Provável que fatos como esses tenham fartamente acontecido ao longo da história e, mal interpretados aqui, abafados ali, tenham escapado a um exame mais atento da ciência.

Com o advento do Espiritismo científico, a partir de meados do século XIX, é que tais fenômenos encontrariam maior campo de manifestação e de estudo, culminando, o início do século XX, com declarações como a do Prêmio Nobel de fisiologia Prof. Charles Richet que inaugurou este capítulo.

No estudo acurado de tal substância tão misteriosa fica Richet precedido ou acompanhado no tempo por outros grandes cientistas e por grandes médiuns.

Celebérrimas as materializações e fotos do espírito da hindu Katie King obtidas de 1871 a 1874 através da medium inglesa Florence Cook (1856-1904). Este foi ampo vasto de pesquisa ao cientista inglês William Crookes 1832-1910), famoso por, dentre outras coisas, ter descoberto o elemento químico tálio, o quarto estado da matéria (radiante), a lâmpada de raios catódicos que leva seu nome, e implementar estudos sobre a luz, a fotografia, astronomia, etc.

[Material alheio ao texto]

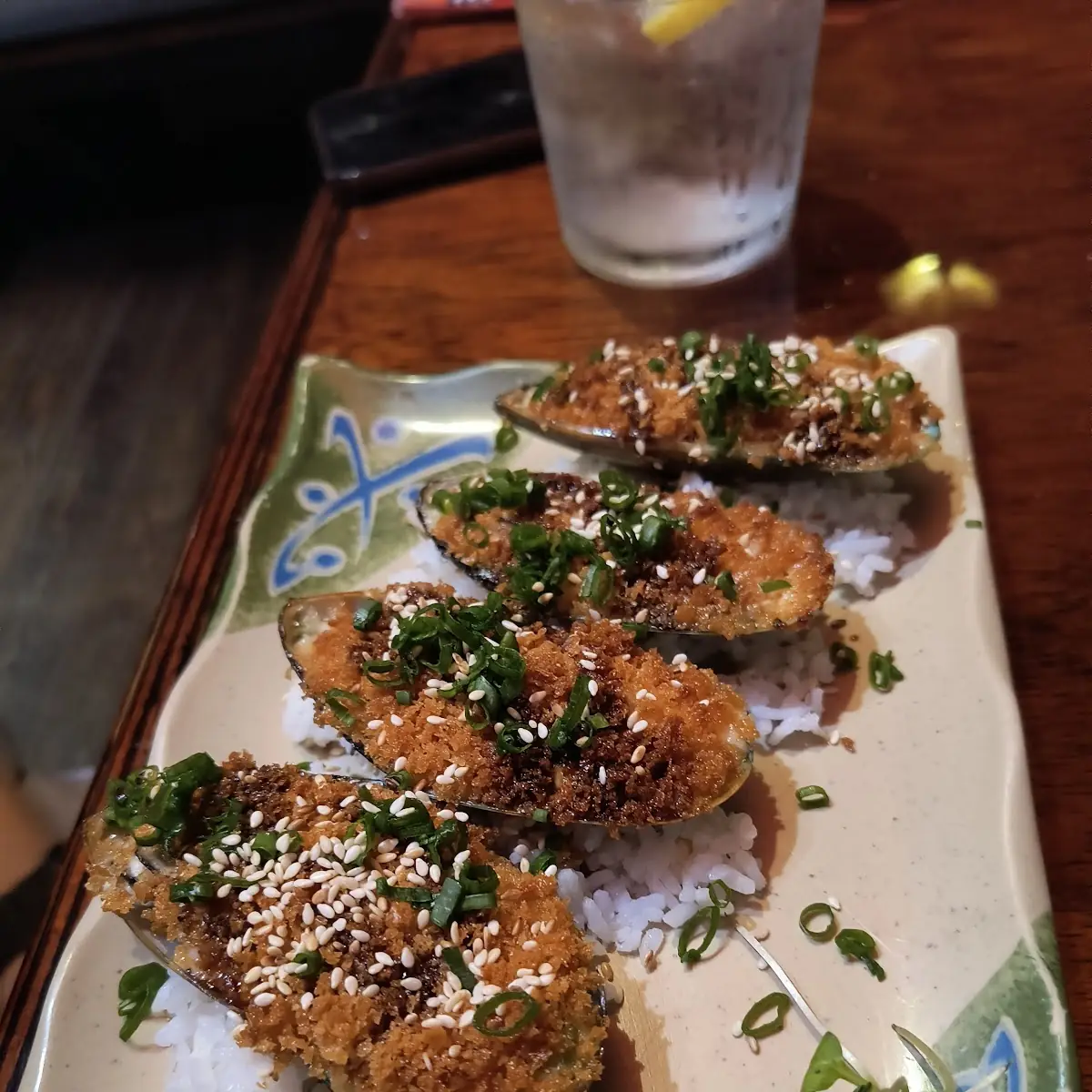 Baked Mussels Appetizer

O fato de pertencer Crookes à prestigiosa Sociedade Real de Londres e de ter uma extensa folha de serviços da ciéncia muito contribuiu à fama e aceitação de tais fenômenos. Porém, quantos cientistas de seu estofo não estlveram também às voltas com outros grandes médiuns produzindo também grandes efeitos físicos?

As pesquisas e fotos de Crookes com as materializações de Katie King ainda correm mundo e, com o seu livro Fatos Espíritas, são sem dúvida o maior referencial científico-acadêmico sobre a autenticidade da ectoplasmia, senão os fenômenos espiríticos em geral. Permitiram que ele afirmasse categoricamente: "O espiritismo está cientificamente demonstrado".

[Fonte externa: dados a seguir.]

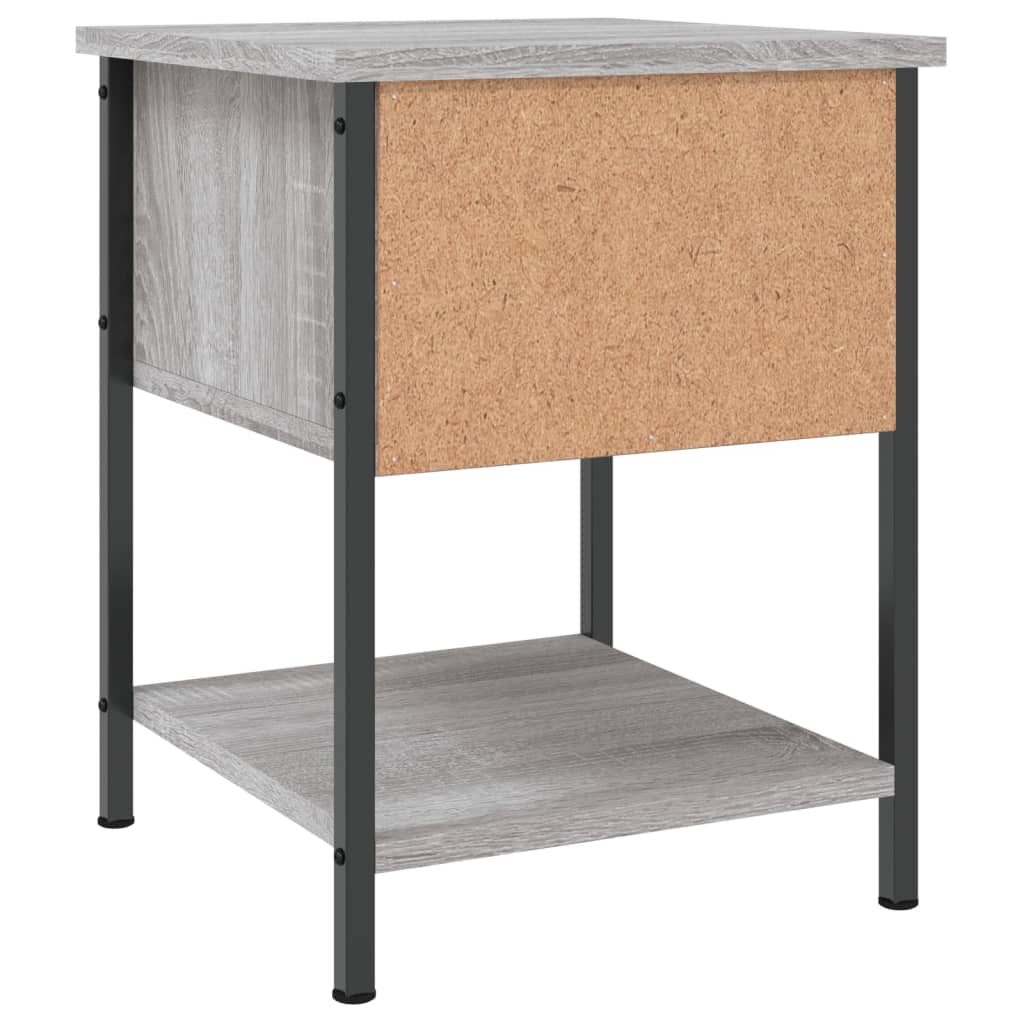 Bedside Tables 2 pcs Grey Sonoma 34x35,5x45 cm Engineered Wood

A importância do advento de Katie King cresce por ter sido uma materialização de espírito manifestando-se por várias vezes e por tanto tempo, possibilitando ser perfeitamente tocada, vista, ouvida, fotografada, auscultada em seus batimentos cardíacos e pulsações, nos seus pulmões, de modo a poder Crookes até declarar certa ocasião que os pulmões de Katie mostravam-se mais sãos do que os da médium, que nessa ocasião sofria ainda as consequências de uma bronquite.

Quão extraordinário não é o poder do ectoplasma: trazer do Além um espírito e dar-lhe até o alento da vida!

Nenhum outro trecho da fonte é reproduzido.